[Caption-style text data]
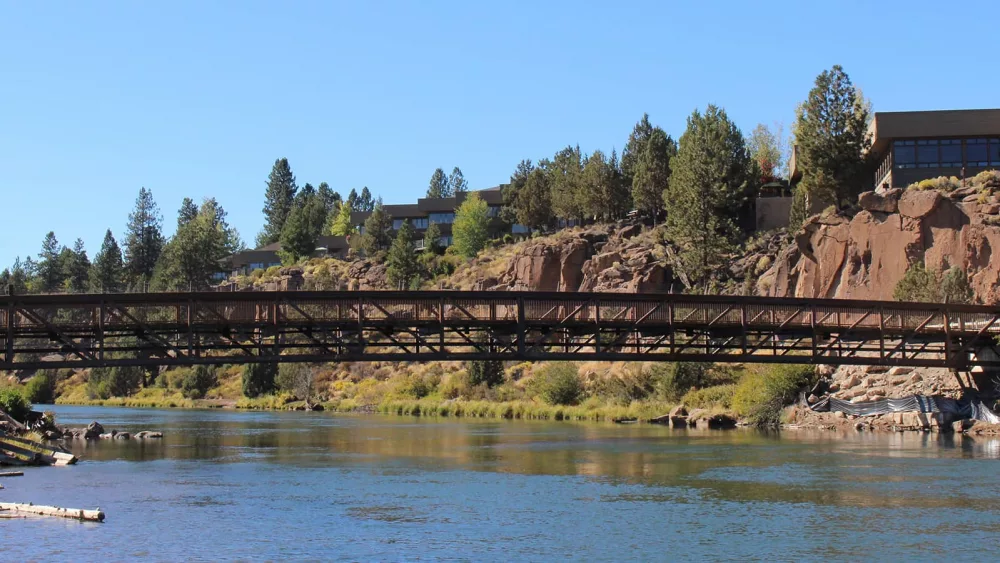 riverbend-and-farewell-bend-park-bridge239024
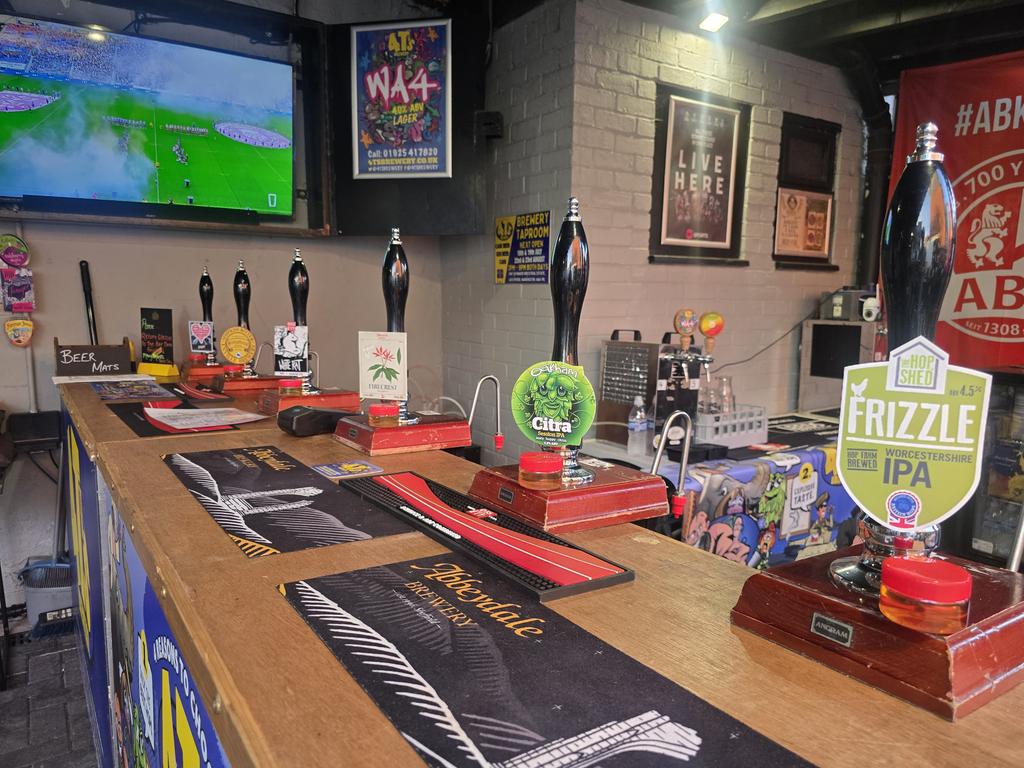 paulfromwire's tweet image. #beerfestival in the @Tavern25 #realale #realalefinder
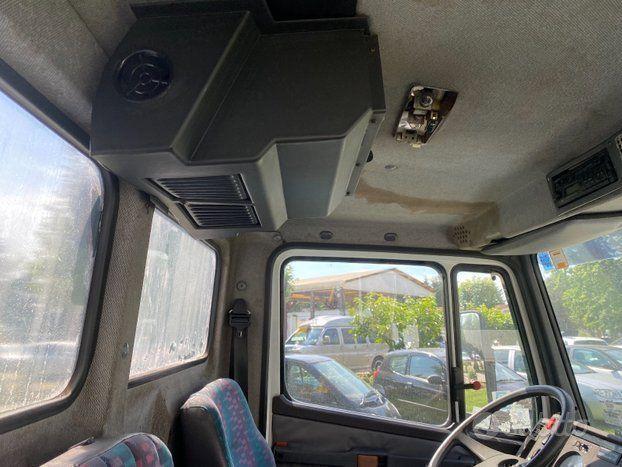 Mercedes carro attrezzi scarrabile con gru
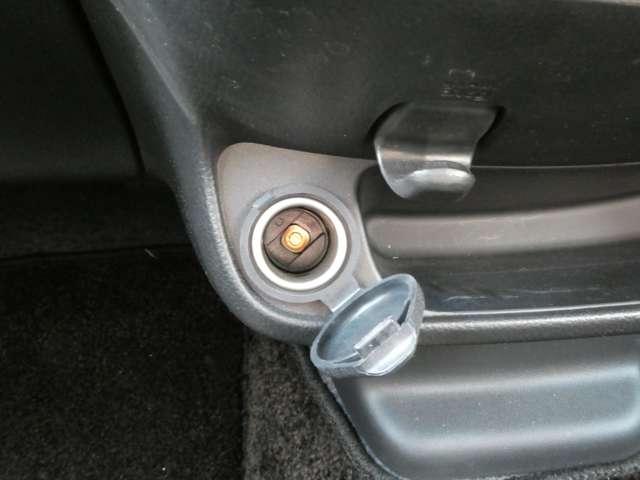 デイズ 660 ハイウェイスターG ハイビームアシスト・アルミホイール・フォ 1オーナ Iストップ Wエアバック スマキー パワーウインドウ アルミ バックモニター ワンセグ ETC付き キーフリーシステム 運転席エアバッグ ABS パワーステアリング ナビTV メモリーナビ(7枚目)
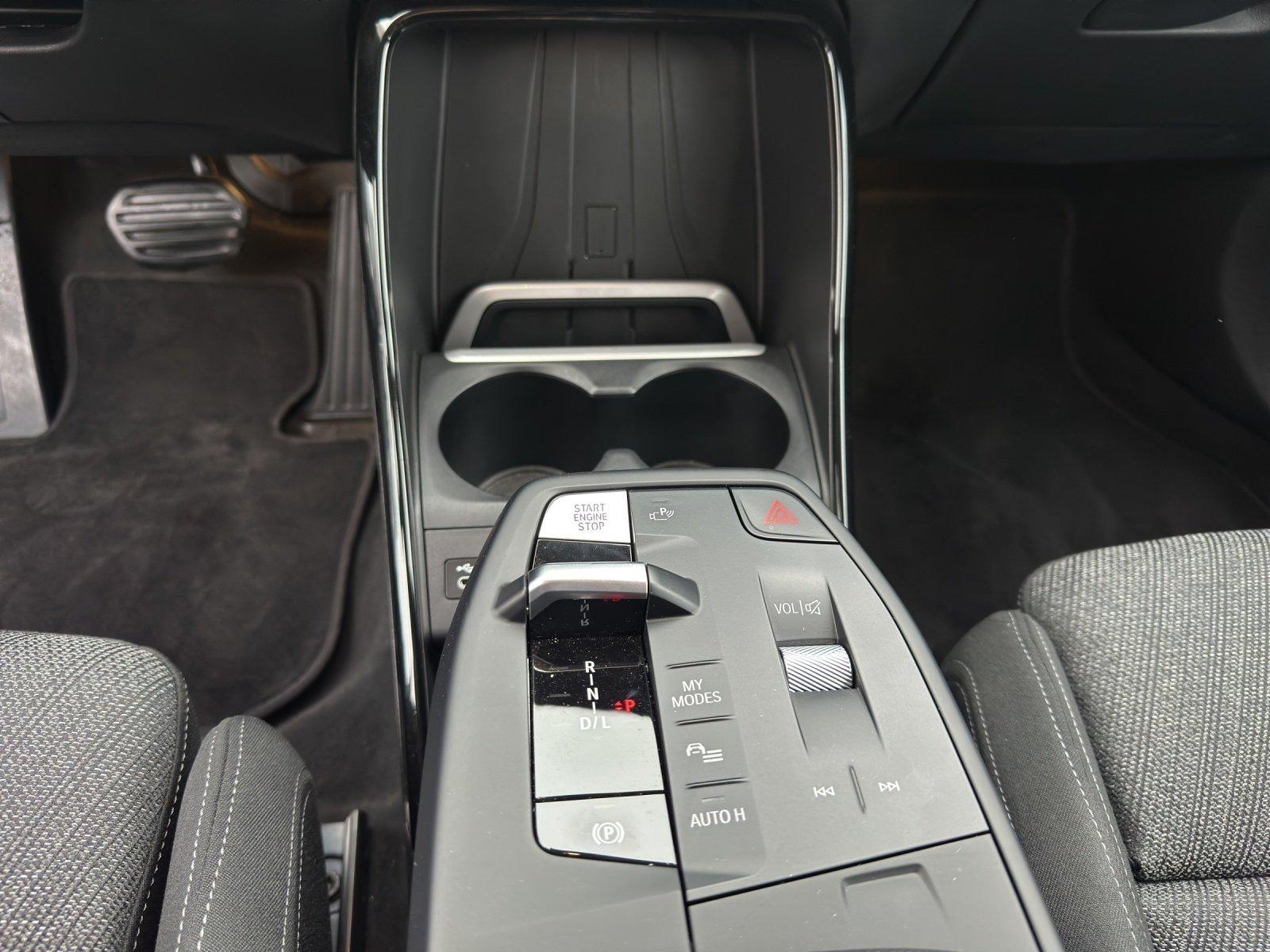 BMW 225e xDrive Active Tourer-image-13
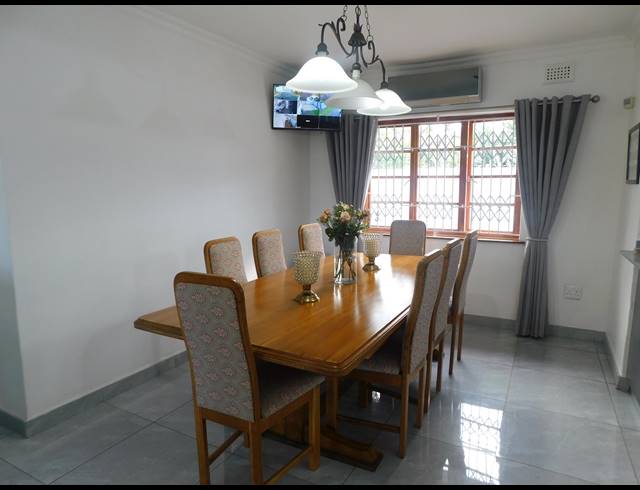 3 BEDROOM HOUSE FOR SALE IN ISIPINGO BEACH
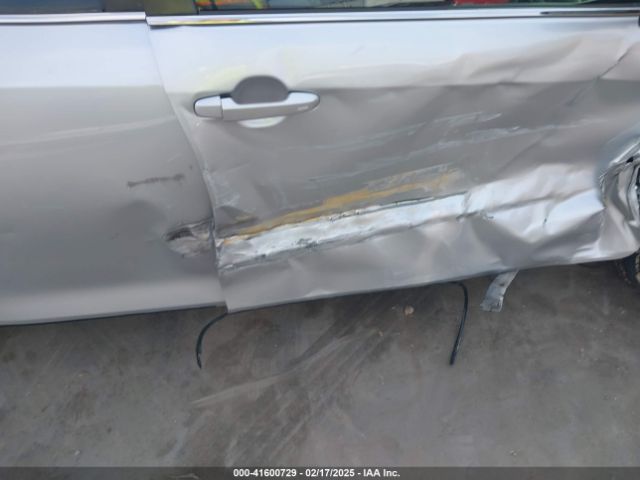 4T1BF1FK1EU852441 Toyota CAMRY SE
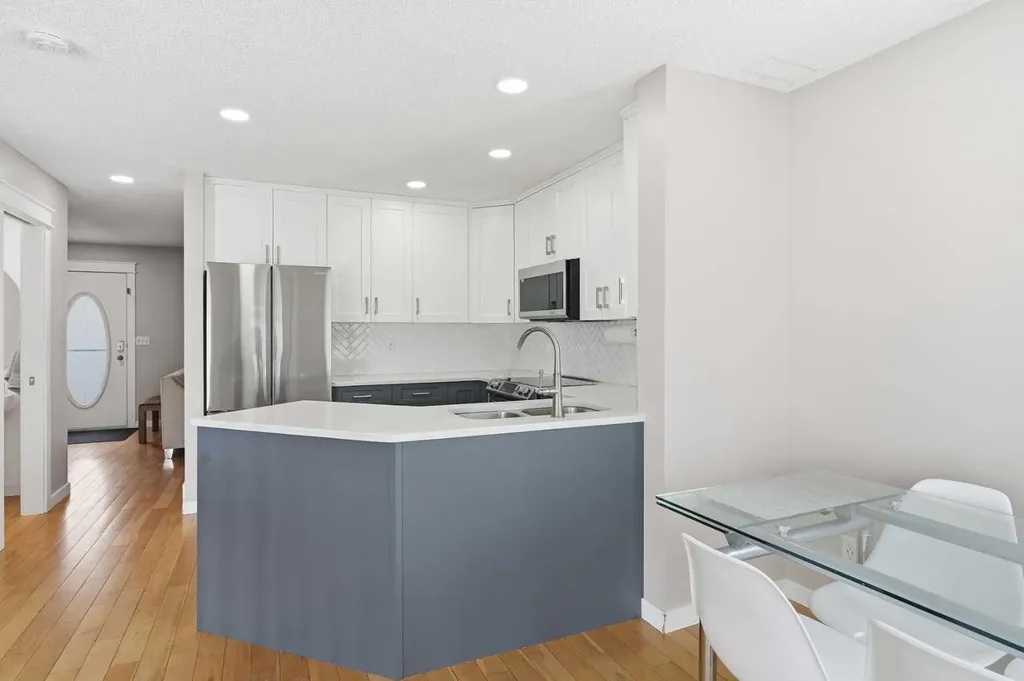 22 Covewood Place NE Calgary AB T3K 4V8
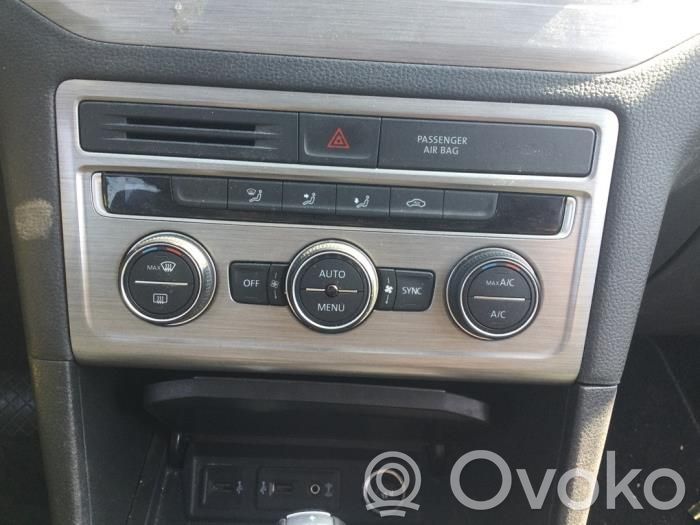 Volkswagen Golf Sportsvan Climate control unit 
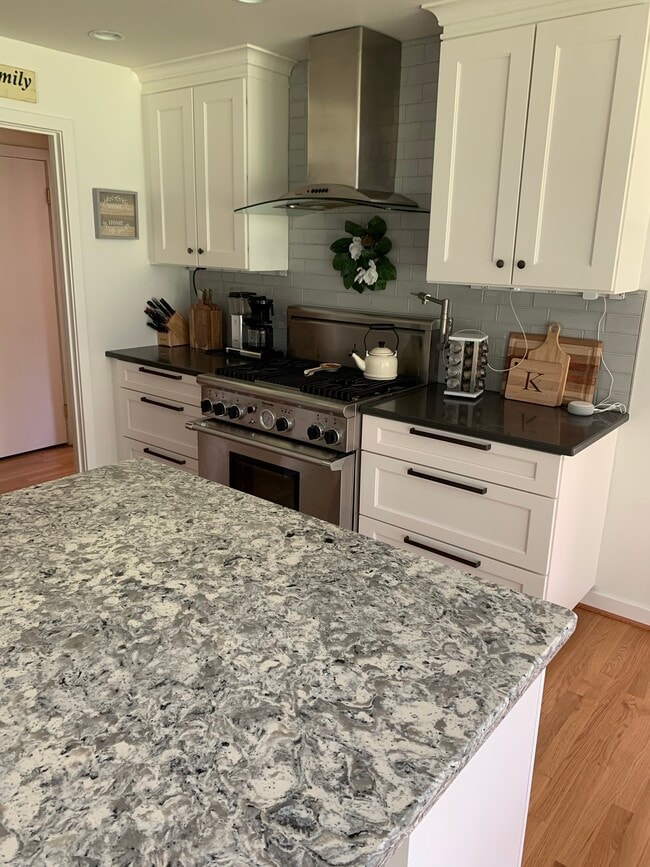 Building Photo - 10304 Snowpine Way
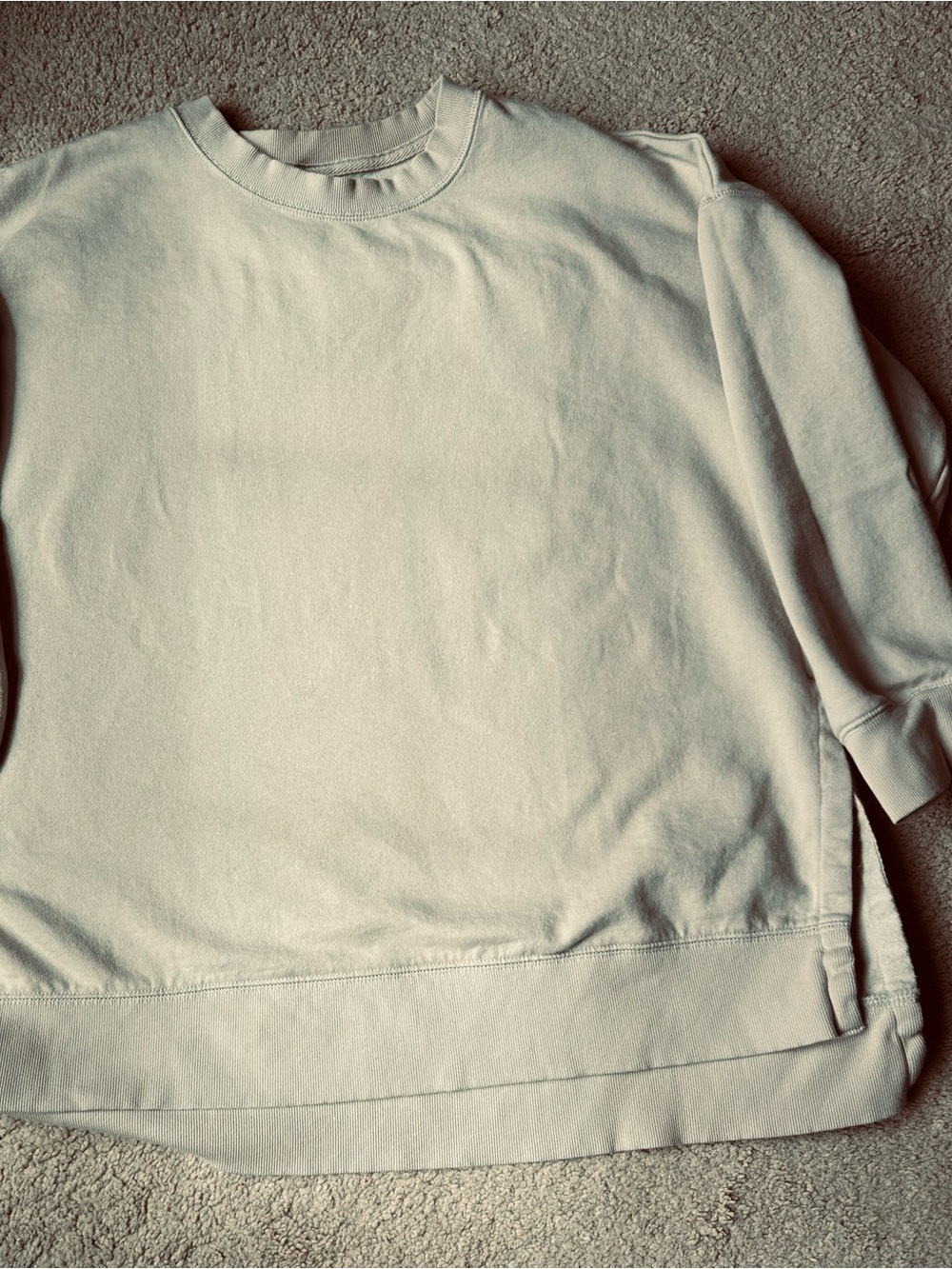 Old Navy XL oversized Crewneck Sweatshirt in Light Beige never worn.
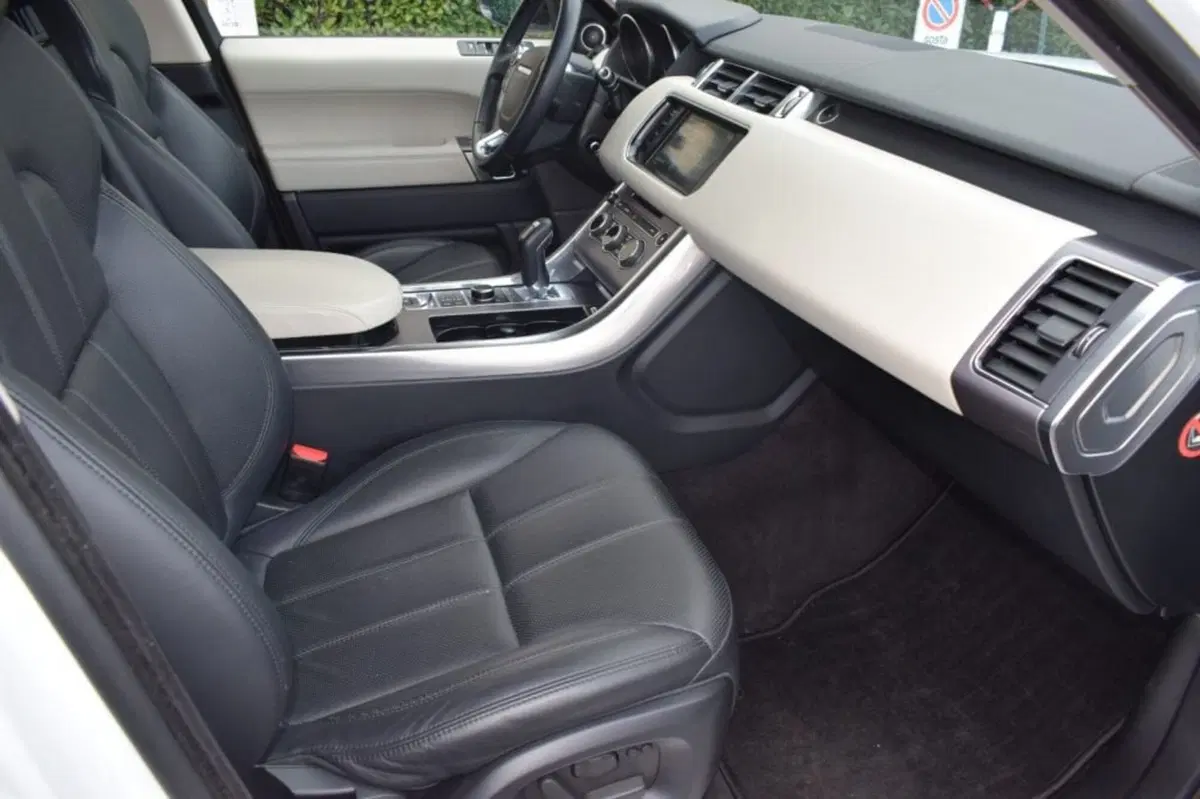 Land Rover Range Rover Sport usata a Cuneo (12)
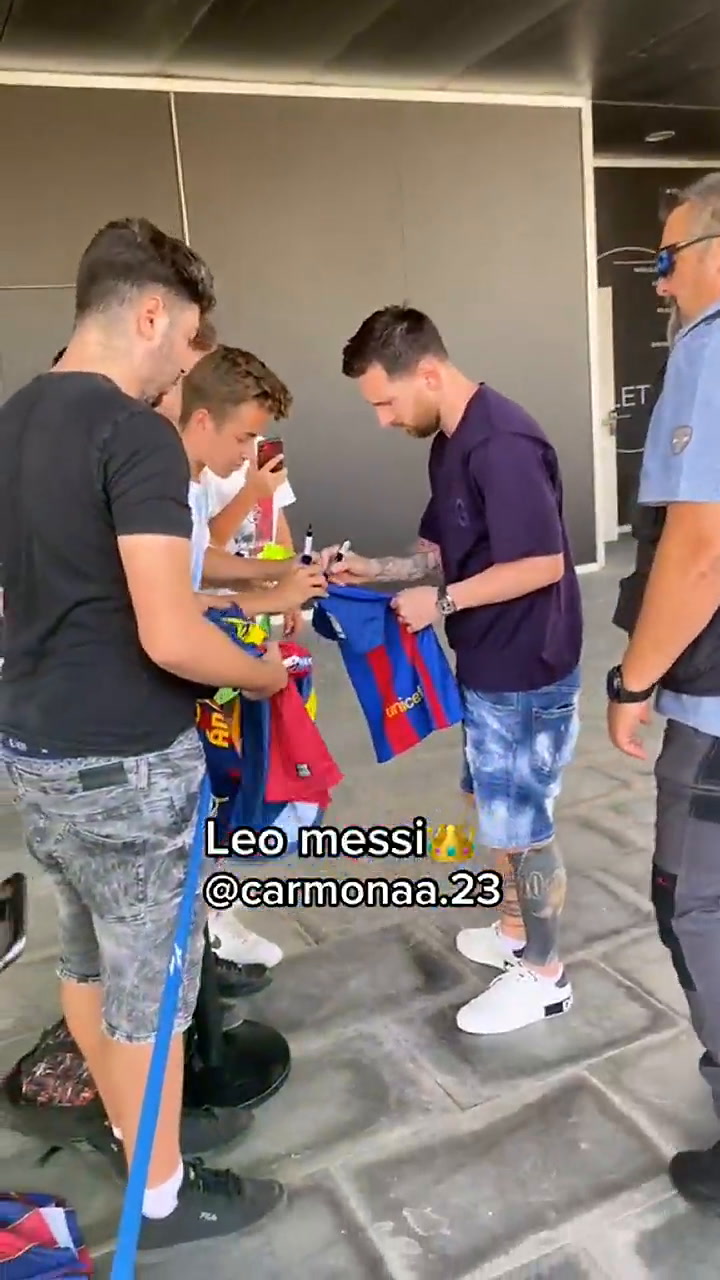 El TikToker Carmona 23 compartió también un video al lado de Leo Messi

- [YOUR ASSIGNMENT] Pictures must be left out. Repeat exactly the lines from the one containing "4T1BF1FK1EU852441 Toyota CAMRY SE" through the final line of the data.

- [EXPECTED OUTPUT]
 4T1BF1FK1EU852441 Toyota CAMRY SE
 22 Covewood Place NE Calgary AB T3K 4V8
 Volkswagen Golf Sportsvan Climate control unit 
 Building Photo - 10304 Snowpine Way
 Old Navy XL oversized Crewneck Sweatshirt in Light Beige never worn.
 Land Rover Range Rover Sport usata a Cuneo (12)
 El TikToker Carmona 23 compartió también un video al lado de Leo Messi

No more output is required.